Your instructions:
Pictures are to be left out; every line from the one that holds "Open Living Room." to the end of the data is to be retyped exactly.

Data excerpt:

= Beginning of Section =

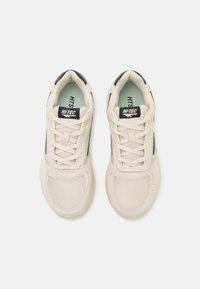 Beige athletic shoes with a mesh upper, textured accents, flat laces, and a padded collar, featuring a logo on the tongue.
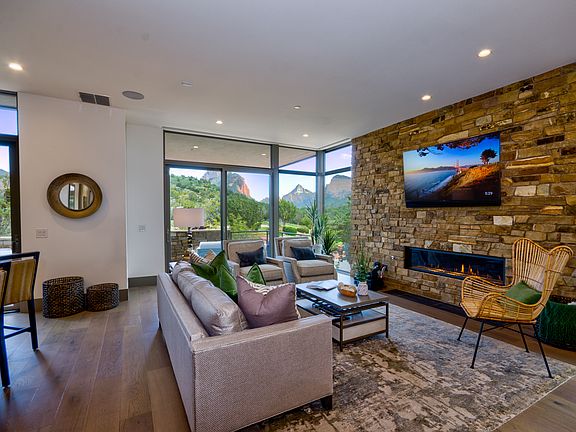 Open Living Room. Linear gas fireplace surrounded by natural stone.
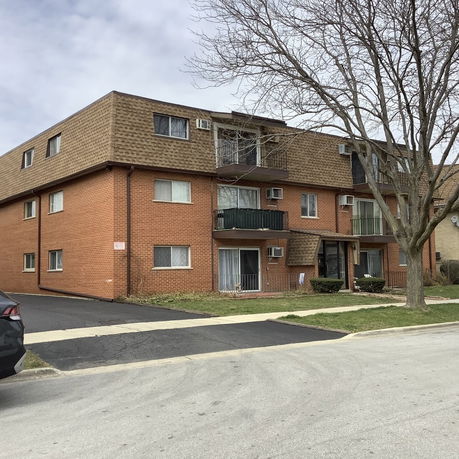 Front view of a three-story brick apartment building with multiple balconies.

= End of Section =

Solution for this task:
 Open Living Room. Linear gas fireplace surrounded by natural stone.
 Front view of a three-story brick apartment building with multiple balconies.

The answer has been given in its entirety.